Na icónica obra de George Orwell, “1984”, esta realidade é assustadoramente bem retratada. No romance, o Partido apoiava a sua hegemonia na manipulação da verdade. A propaganda do Grande Irmão apoiava-se, não apenas em notícias manipuladas e repetidas até à exaustão, como napermanente alteração de arquivos e registos, por forma a que estes espelhassem a confirmação de cada movimentação do Partido.
Além do sufocante controlo de toda a “informação” e conteúdo cultural, estava a ser aperfeiçoada a Novilíngua, um novo idioma simplificado que resultava da supressão de palavras, que eram substituídas através da justaposição de outras. Esta ferramenta tinha como último propósito eliminar completamente conceitos ligados ao pensamento crítico individual, e simplificava cada vocábulo de forma a ser impossível exprimir ideias contrárias ao Partido. Funcionava como uma gradual e profunda alteração do raciocínio crítico, que tinha como último objetivo eliminá-lo por completo. O exemplo de “1984” como alegoria da realidade não é novo, mas revela-se sempre pertinente.
Também hoje presenciamos os efeitos da simplificação intencional do discurso, mas em vez da supressão de vocábulos, assistimos ao desrespeito flagrante pela verdade e à desconsideração de argumentos e informação relevante. Esvaziam-se explicações complexas, dando primazia à noção simplista e radical do mundo. A desinformação que prolifera nas redes sociais está apoiada em mensagens sensacionalistas apelativas, criadas e formuladas para serem facilmente perceptíveis.
A complexidade da ciência, da história e da política democrática é desvalorizada de forma a perder toda a sua credibilidade. O verdadeiro raciocínio crítico dos cidadãos está, por isso, a perder-se aos poucos. A procura da verdade tornou-se subjetiva. Há uma realidade alternativa no “feed” de cada um, potenciada por algoritmos desenhados para agradar a todos.

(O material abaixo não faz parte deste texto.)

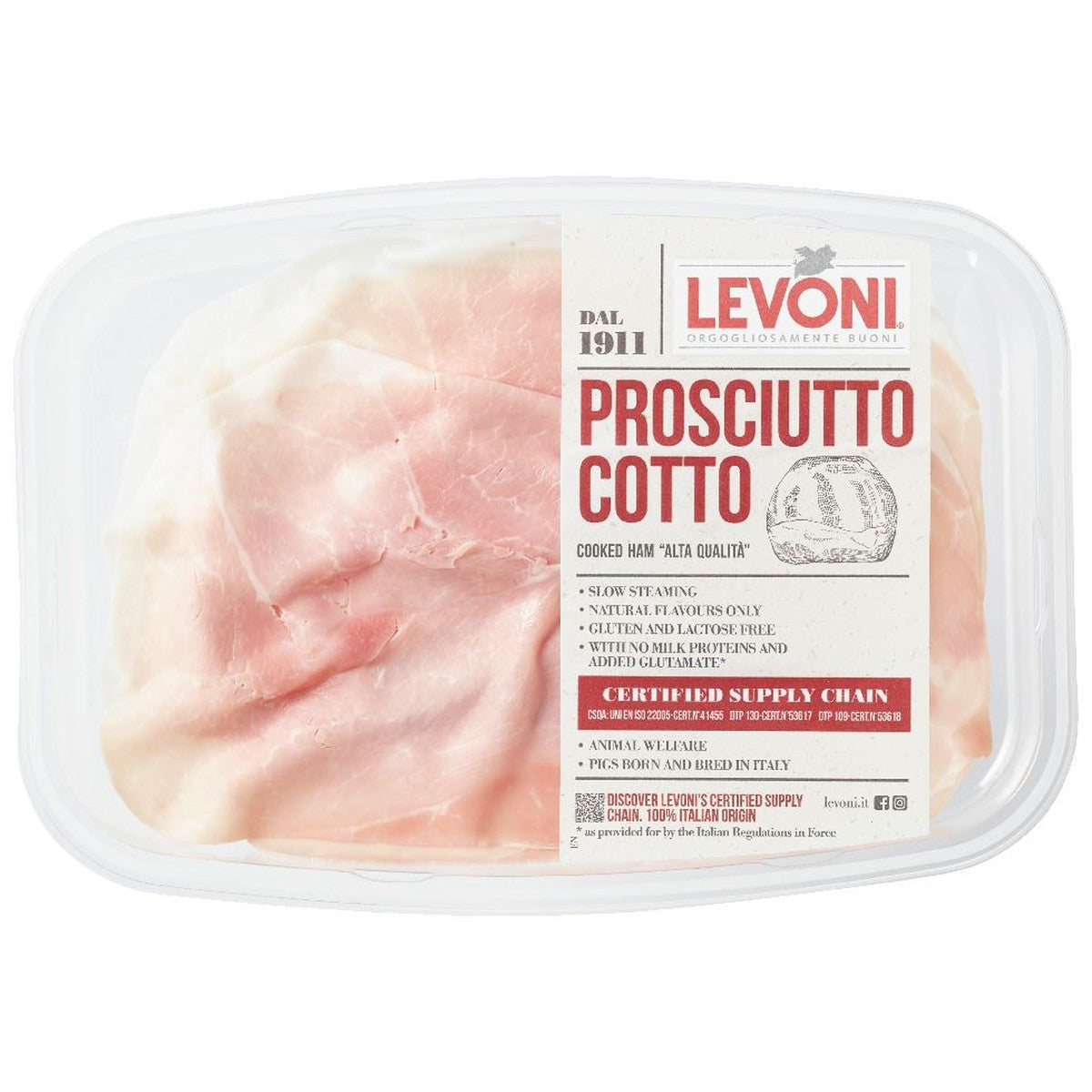 Levoni Proscuitto Cotto 100g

A capacidade de filtrar e julgar conteúdos e opiniões está a dissolver-se no meio do ensurdecedor fluxo de informação no meio digital, que dá prioridade à rápida captação de atenção do utilizador. A rapidez de acesso e partilha nos meios digitais não é compatível com a necessária demora da análise crítica e comparativa. O discurso simplificado e redutor – típico de populistas e demagogos – acaba por dominar. Na era da informação, aumenta a iliteracia mediática, apoiada na personalização de conteúdos.

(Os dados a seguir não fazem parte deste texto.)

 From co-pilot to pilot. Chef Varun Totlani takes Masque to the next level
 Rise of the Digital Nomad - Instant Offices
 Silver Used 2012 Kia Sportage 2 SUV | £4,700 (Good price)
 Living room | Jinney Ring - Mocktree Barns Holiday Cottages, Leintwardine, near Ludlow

A grande diferença entre a sociedade contemporânea ocidental e o mundo de “1984” é a crença atual no poder individual. O acesso aos conteúdos digitais, à informação, às notícias é virtualmente possível a todos, o que reforça a ideia de julgamento crítico e democrático. Mas, sendo que cada conteúdo é adaptado a comportamentos digitais individuais (muitas vezes irrefletidos), a avaliação da informação está sempre sob inevitável influência, potenciada pela ideia de pertença a uma comunidade like-minded (veja-se o exemplo dos “terraplanistas”).
A liberdade de informação fica, por isso, fortemente condicionada. O necessário debate tolerante, que possibilita a democracia, fica colocado em causa pela ausência total de cedências. Os indivíduos vêm nos factos versões distintas da realidade. A informação não é mais analisada, mas adaptada conforme as crenças já existentes.

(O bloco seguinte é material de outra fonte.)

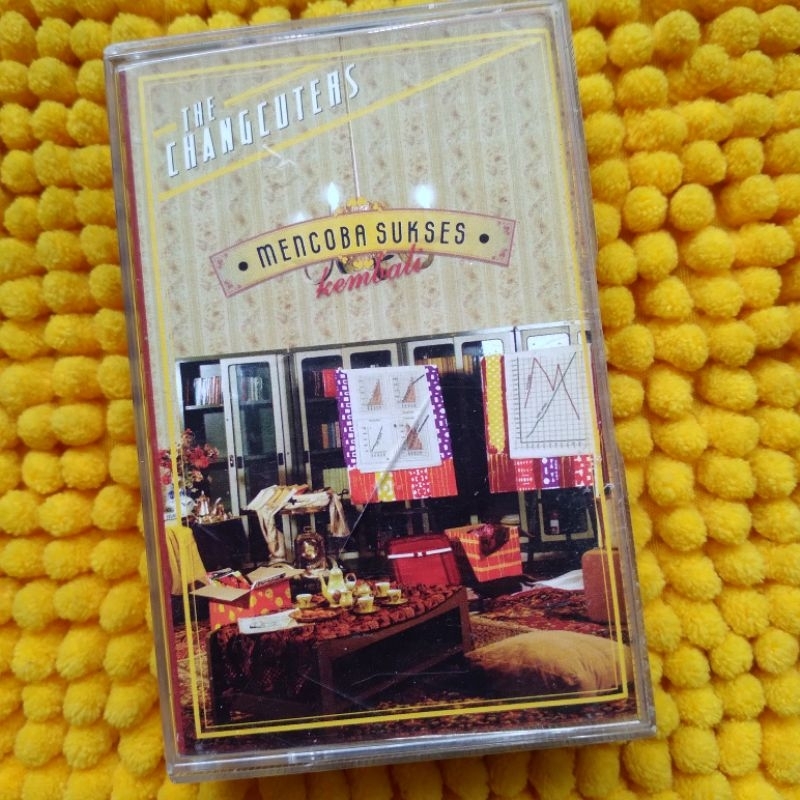 KASET PITA THE CHANGCUTERS (MENCOBA SUKSES KEMBALI)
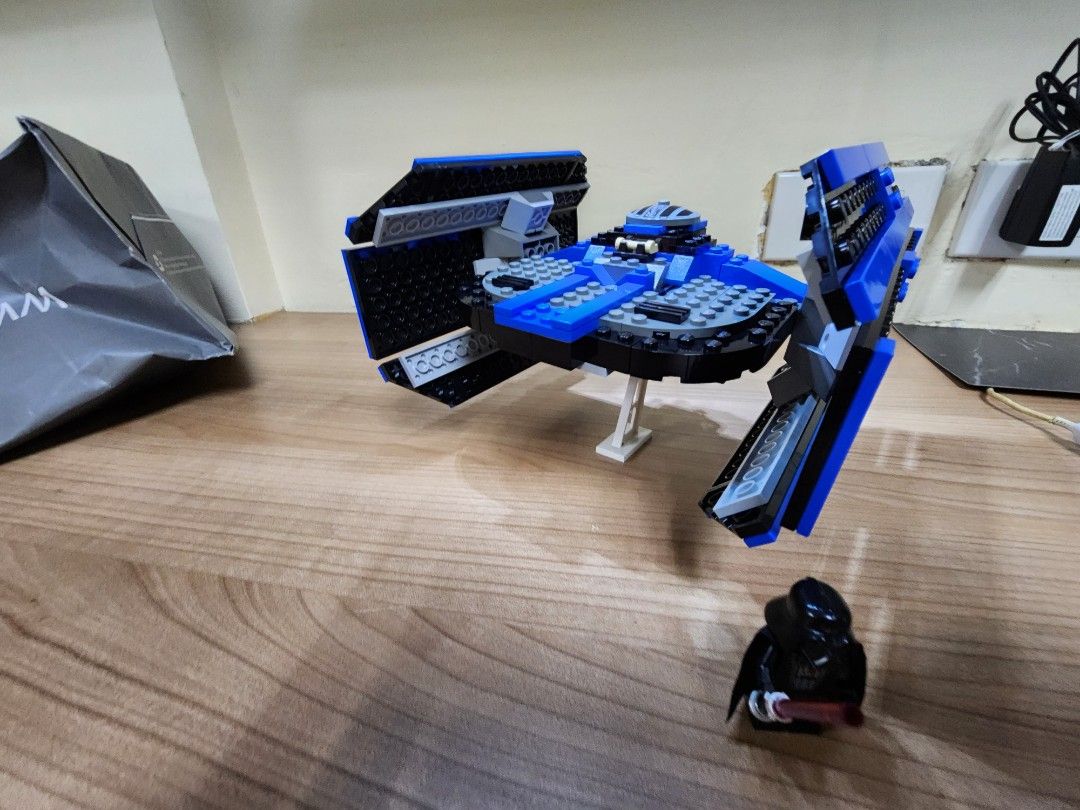 Lego 10131 Dark Vader Tie Fighter, Hobbies & Toys, Toys & Games on ...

O discurso moderado desaparece gradualmente, sendo substituído por posições extremistas, apoiadas na simplificação radical. A pluralidade, a complexidade e diversidade sociais são desvalorizadas e descredibilizadas. Gera-se medo da diferença. Nasce o radicalismo, o negacionismo, o cepticismo perante as instituições democráticas, que perdem força face ao facilitismo aparente do populismo.
Não é viável simplificar um mundo que se quer complexo e plural. A sociedade democrática carece de debate profundo e rigoroso. Simplificar a realidade minimiza a sua compreensão e conduz ao radicalismo. É tempo de alargar o pensamento, e não de reduzi-lo.